Rocker arm ratio

[Spoonbill]

When you are looking rocker arms what is the difference between 1.5 and 1.6 ratio? Also, some are self aligning and some aren't. What's the difference?

[Spoonbill]

What is the difference between a 1.5 ratio and a 1.6 or 1.7??

[Rattler12]

The amount the valve opens. Say a cam has a lift of .400 with 1.5 rocker arms. Put in 1.6 rockers and it would go to .427 and with 1.7 rockers to .453.  But again you have to consider the whole combination or BANG pistons hitting valves.  Not a good outcome

[bd]

A valve rocker arm is actually two levers and a fulcrum.  The fulcrum is simply a hinge point or pivot.  The rocker arm ratio is the relative length of each lever across the fulcrum (pivot). 

The eccentric lobe of a camshaft pushes against one end of the rocker arm through a lifter and pushrod; the opposite end of the rocker arm pushes directly against the valve tip.  If the lever lengths on either side of the pivot are the same, the rocker has a ratio of 1:1 - for any given amount of movement on one end of the rocker, the opposite end of the rocker moves the same amount.  If the lever on the "valve side" of the pivot is 1.5 times longer than the lever on the "camshaft side" of the pivot, the rocker has a ratio of 1.5:1.



For example, if a camshaft has a "lobe lift" of 0.332", a rocker arm having a ratio of 1.5:1 will open the valve...

1.5 x 0.332" = 0.498"

The same camshaft lobe operating through a rocker arm ratio of 1.6:1 will open the valve...

1.6 x 0.332" = 0.531"

So, the rocker arm ratio provides a lever or multiplication advantage to the camshaft for opening the valve.  Small block Chevy engines are factory equipped with 1.5:1 ratio rockers for both the intake and exhaust valves.


Edit: added illustration.

[Spoonbill]

Thank you. That made perfect sense. Is there an advantage to having s bigger than stock ratio?

[VileZambonie]

I will say that unless you have validity, do not change the rocker ratio. There are adverse effects of the increased ratio.

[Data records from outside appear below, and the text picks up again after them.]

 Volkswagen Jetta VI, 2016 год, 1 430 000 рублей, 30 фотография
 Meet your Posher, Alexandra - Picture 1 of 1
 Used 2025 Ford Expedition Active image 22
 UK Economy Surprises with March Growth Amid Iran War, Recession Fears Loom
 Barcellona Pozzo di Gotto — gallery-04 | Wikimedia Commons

As bd pointed out, the rocker arm ratio allows for a mechanical advantage [leverage] between the cam and valve. By designing the rocker with a greater distance between the axis of rotation and valve than between the axis and pushrod you can increase the lift of the valve. The distance between valve tip and axis - divided by the distance between pushrod tip and axis establishes the rocker ratio.

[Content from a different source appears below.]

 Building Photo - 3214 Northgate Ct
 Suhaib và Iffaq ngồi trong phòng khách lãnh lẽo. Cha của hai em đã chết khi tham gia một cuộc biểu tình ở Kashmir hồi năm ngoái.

A simpler numerical number but less realistic number to depict this is a cam lobe with a lift of .300" inch to open a valve = .450" inch with a 1.50:1 ratio. .300 x 1.5 = .450

By utilizing rocker ratios to increase valve lift we can reduce the eccentricity of the cam lobes - thereby reducing the surface speed between the cam and lifter.

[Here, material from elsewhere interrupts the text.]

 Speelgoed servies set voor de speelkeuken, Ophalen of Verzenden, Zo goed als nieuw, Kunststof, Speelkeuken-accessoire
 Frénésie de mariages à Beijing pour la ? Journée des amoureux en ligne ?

This provides a low cost mechanical advantage, saves space and allows for an easily serviced assembly. Of course you can go to far which increases stress on the cam and valvetrain ultimately reducing efficiency and longevity. More frequent valve adjustments, more prone to bent pushrods, worn cam lobes etc. Also a higher reciprocating mass reduces top end performance and where you will see more suitable gains by utilizing the appropriate cam grind.

[SkinnyG]

Stock heads may need the pushrod guide holes elongated for this to work.

Stock heads cannot handle much more than about 0.480" lift without machining.

[Spoonbill]

Is there an advantage to a bigger ratio?

[bd]

You would not feel, notice or measure any improvement.